Avec une concentration en THC de plus en plus élevée, le cannabis (sous toutes ses formes – marijuana, hashisch et huile de cannabis) est aujourd’hui beaucoup plus fort qu’il ne l’était il y a 30 ans ; il existe un risque de dépendance psychique ET physique. Mais les effets varient selon les attentes du consommateur, le contexte, etc.
Avec la Hollande, la Suisse tient le record en Europe pour la consommation de cette drogue hallucinogène! La consommation commence chez des enfants de plus en plus jeunes, la cause se trouvant en partie dans notre société de consommation. On peut commander par Internet…
Effets
Chez les adolescents (13-25 ans), dont la matière grise s'organise et se spécialise, le désir intense ("craving") de cannabis s'explique par une modification de la structure cervicale; il faudra parfois s'abstenir jusqu'à un an pour que ce désir s'estompe. Etant très liposoluble, le cannabis reste pendant des semaines dans le sang, l'urine, les cheveux.

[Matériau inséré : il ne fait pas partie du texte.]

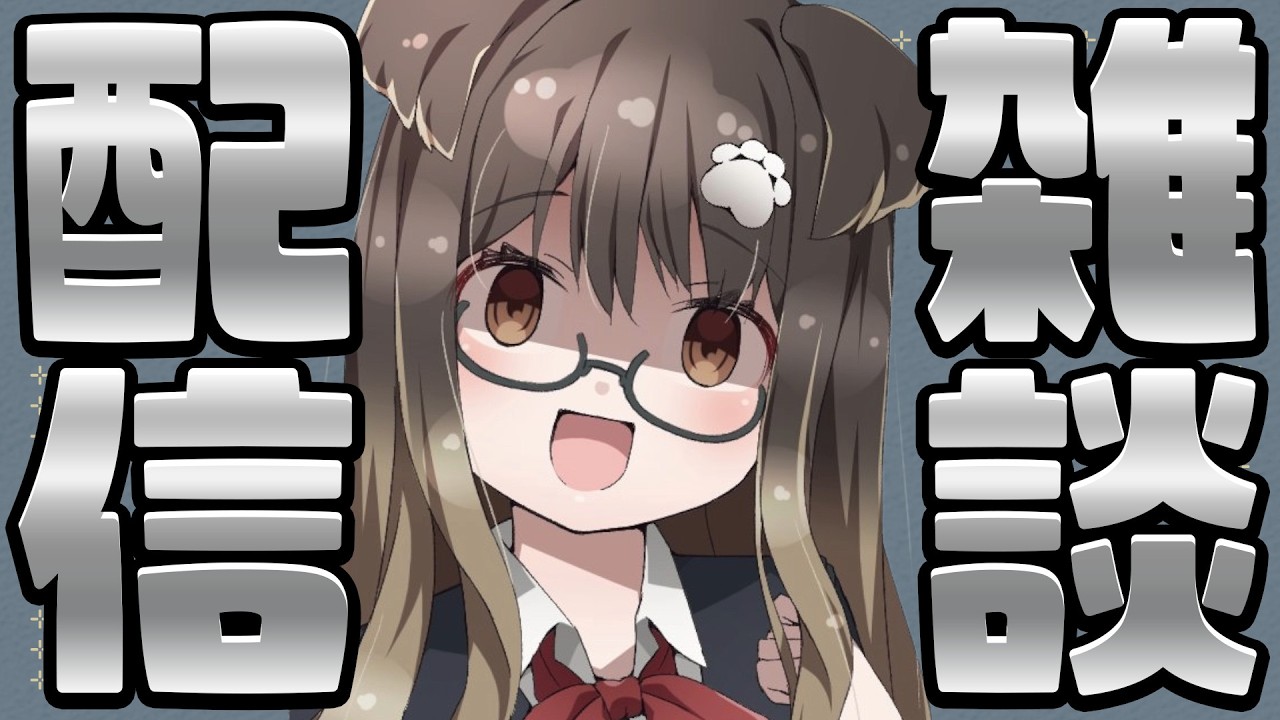 【 雑談 】年度末に疲弊しすぎている犬のサボりたいむ・・・【遠吠きゃん】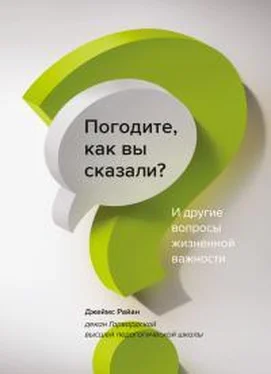 Джеймс Райан Погодите, как вы сказали? обложка книги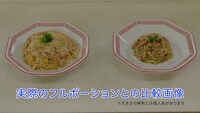 晴れた日のベンチ「半チャーハン」ミュージックビデオより。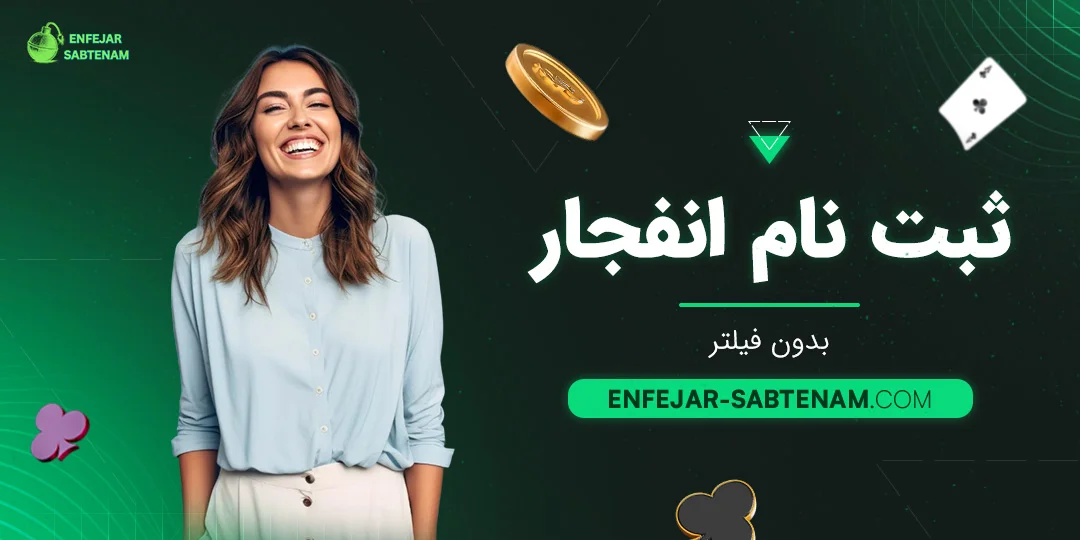 ثبت نام انفجار بدون فیلتر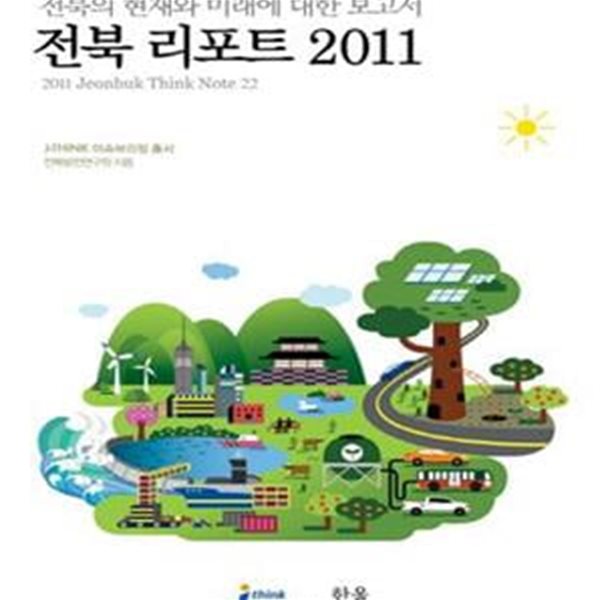 전북 리포트 2011 (전북의 현재와 미래에 대한 보고서)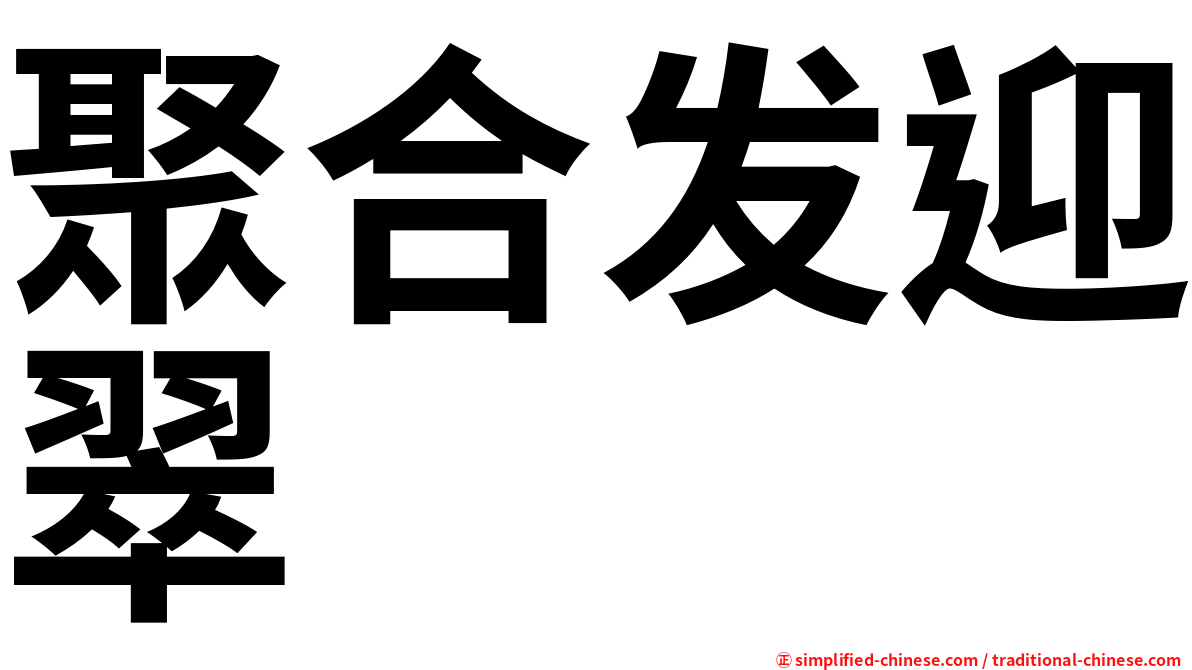 聚合发迎翠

Le mauvais usage de cannabis peut entraîner une baisse de rendement scolaire, des problèmes de concentration et de mémoire (problèmes cognitifs). Il peut aussi renforcer ou entretenir une perte d'ambition ou d'élan vital. Quand l'usage devient chronique, on trouve des symptômes de manque chez 50% des utilisateurs après 3-4 jours: irritabilité, anxiété, insomnies, nausées, transpiration, douleurs abdominales ou tremblements musculaires. Mais ces symptômes disparaissent après une semaine.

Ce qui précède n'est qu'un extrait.